Life is like a hamstring
No, not really. I was thinking about the Forrest Gump "life is like a box of chocolates" line. The hippie music Volleyball Guy likes is actually from that movie's soundtrack.
This morning, life was like the chocolate that doesn't want to practice. Yup, the chocolate with the resistant mind in the middle ;-) It told me my knees were tired (kind of a new trick, you sneaky mind!) and my hamstrings were going to hurt again, just like yesterday.
I frittered away a little bit of time reading:
Yunyan asked Daowu: "How does the Bodhisattva of Great Compassion use so many hands and eyes?"

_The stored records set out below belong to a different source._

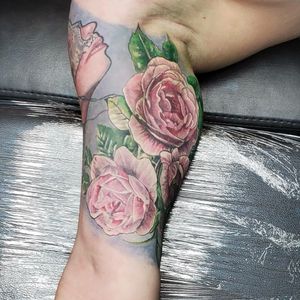 Tattoo by Divine Line Tattoos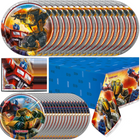 Transformers Birthday Party Supplies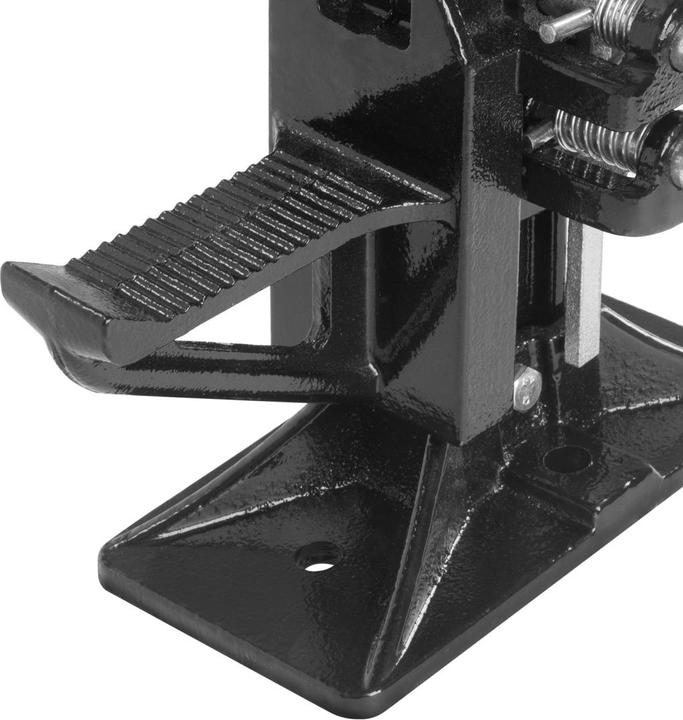 Produktbild Stahlwerk Zahnstangenheber 20" 3t 33cm Farm Jack Stockwinde Offroad Wagenheber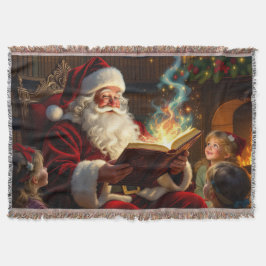 Cobertor „Weihnachtliche Harmonie“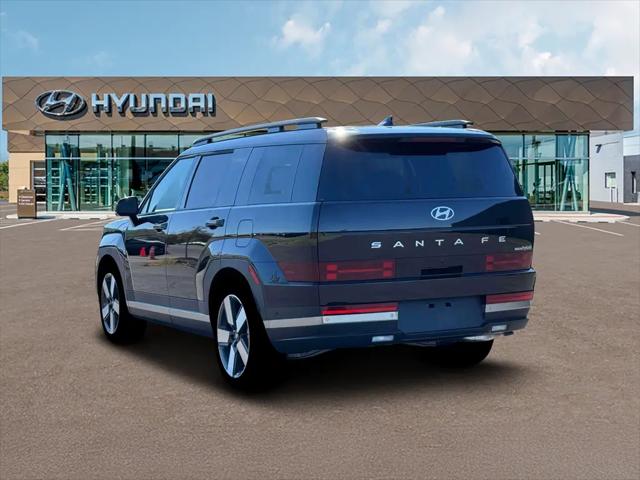 2026 Hyundai Santa Fe Hybrid Limited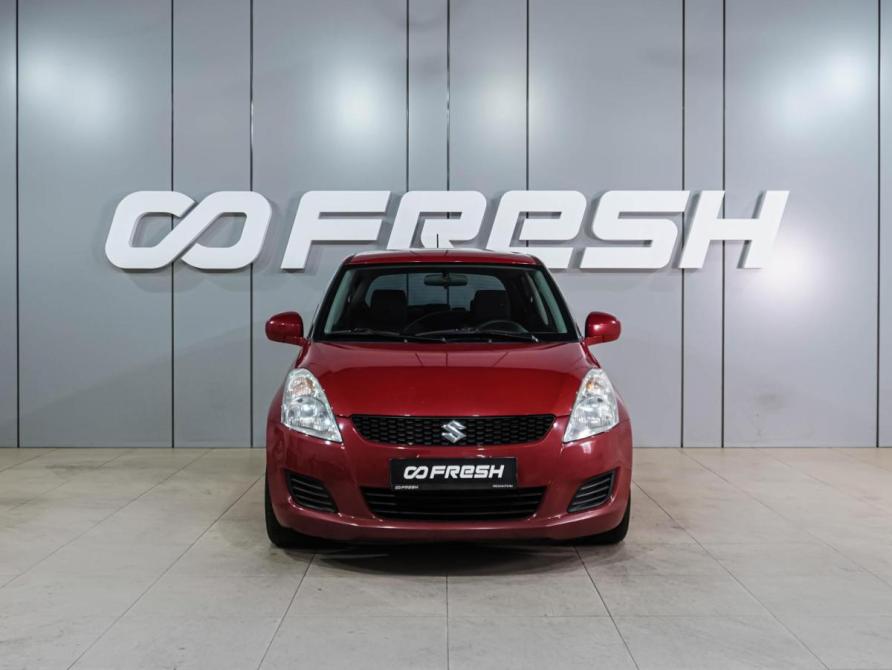 Suzuki Swift IV Воронеж  - изображение 3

Daowu said: "It's just like a person in the middle of the night reaching back in search of a pillow."
Yunyan said: "I understand."
Daowu said: "How do you understand it?"
Yunyan said: "All over the body are hands and eyes."

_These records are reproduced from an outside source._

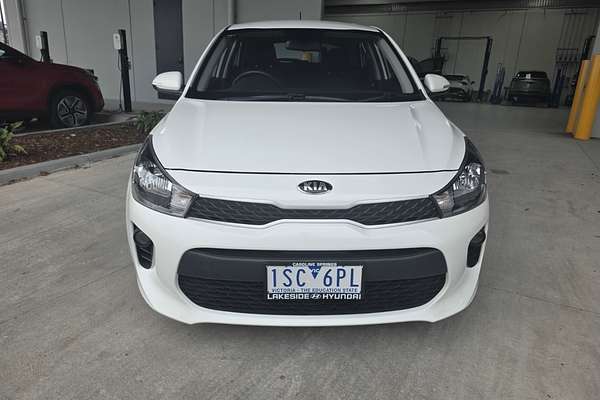 2020 Kia Rio Sport YB
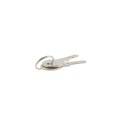 LiftMaster Access Door Keys, Quantity 2, Q118 for Gate Opener Systems - K80-50295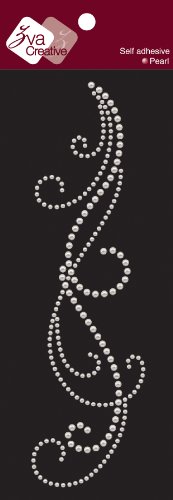 Self-Adhesive Pearl Embellishments 3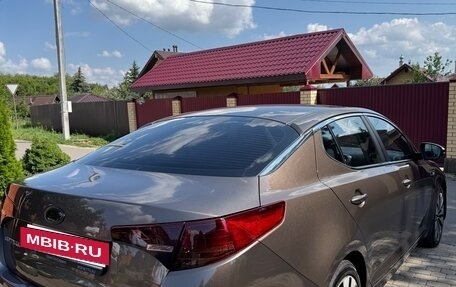 KIA Optima III, 2013 год, 700 000 рублей, 8 фотография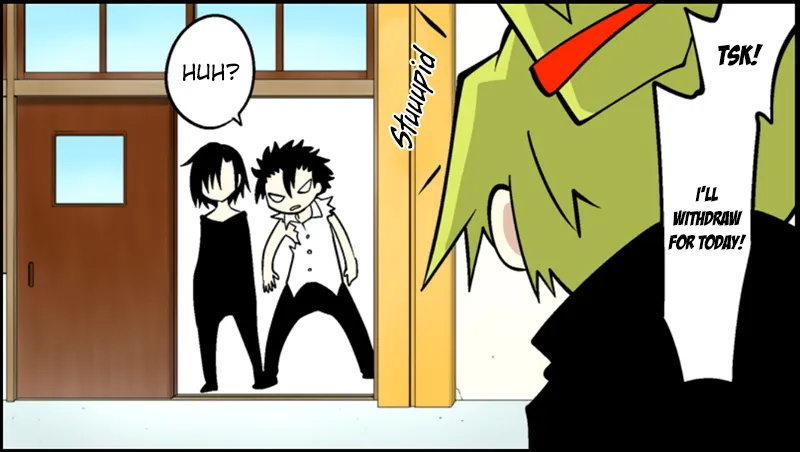 Read Senyuu. chapter 26.99 image 10 on Lezhin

Daowu said: "What you said is all right, but it's only eighty percent of it."
Yunyan said: "I'm like this, senior brother. How do you understand it?"

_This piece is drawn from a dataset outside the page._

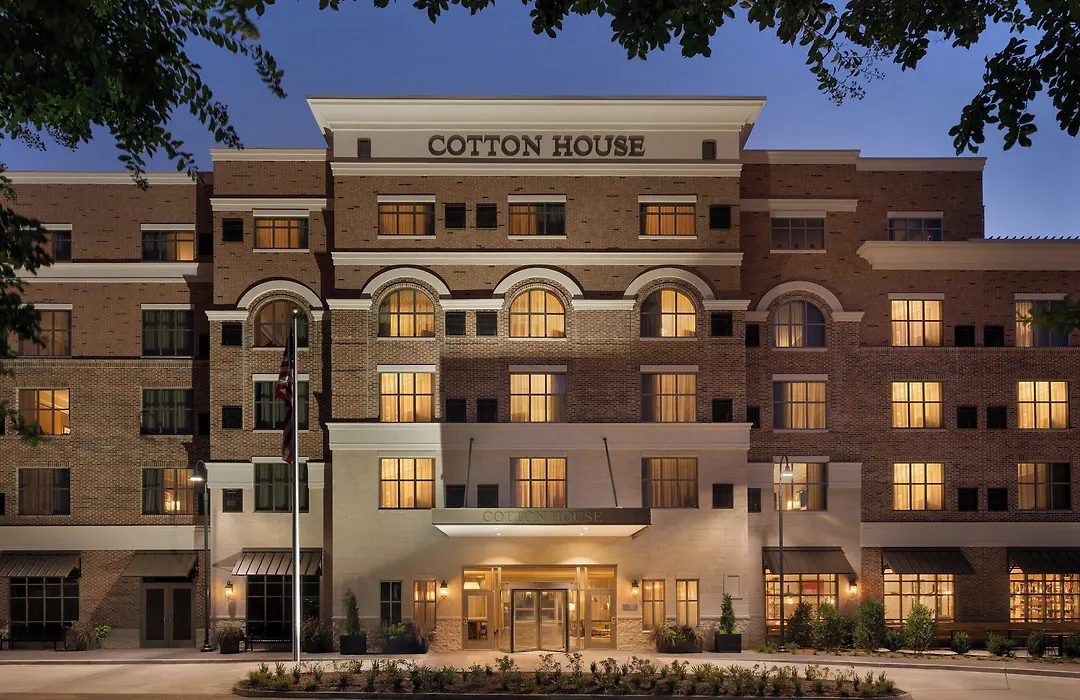 Cotton House, Cleveland, A Tribute Portfolio Hotel-1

Daowu said: "Throughout the body are hands and eyes."
Sigh. You gotta love these guys.
So I found myself chanting the vande in my head, and went to my mat, figuring I ought to be standing on it by the time I finished. Practice was quite sweet right from the start, with, rather miraculously, no pain. How does that happen?! I was dying yesterday, and today everything felt lovely.
So lovely, in fact, that I not only paused before dandasana to put down my rug, I also put on the iPod so I could listen to Coldplay as I did seated. Just utterly delightful. Even the urdhva dhanurasanas.
Slowly, I am starting to understand the role my legs play in urdhva dhanurasana but I feel totally TWISTED from the weightlifting years. Actually, I guess I feel kind of "clotted" in spots--hamstrings/quads & shoulders/traps especially. Like the years of focus on those muscle groups kind of coagulated the energy into lumpy spots. Not as bad as it sounds, but when I see Crim Girl do backbends, her whole body/energy flows back and forth in a smooth arc.
I have these hunks of energy-sucking areas that I made with my mind and the weights. Black holes! ;-) I don't really regret it--it made climbing possible, and I suspect it's made learning Ashtanga a bit easier than it would have been otherwise.
I just need to smooth it all out--which ought to be a pleasant enough process. You know, provided my mind doesn't psych me out. I'm willing to ply it with Coldplay, though, as I reach back in the middle of the night, searching for a pillow. Whatever's necessary.
3 Comments:
I think we're riding on the same wavelength...I felt like Frankenstein on Monday, with sore hips from a strong UHP adjustment on Sunday. Practice was ugly, but I was happy just to get through it.
Ended up staying up way too late last night (damn you, Deadwood) and woke up fearing a bad practice...
Nope. No pain, no trouble, just the usual good and bad stuff.
This is a weird practice!
Haha! "Deadwood," eh? Mighty un-yogic TV viewing, pardner. Personally, I find "Rescue Me" meets all my un-yogic viewing needs ;-)
Like 15 years ago my wife and I started watching "Lovejoy" on PBS and fell madly in love with Ian McShane - we couldn't resist any show, especially a western, starring him!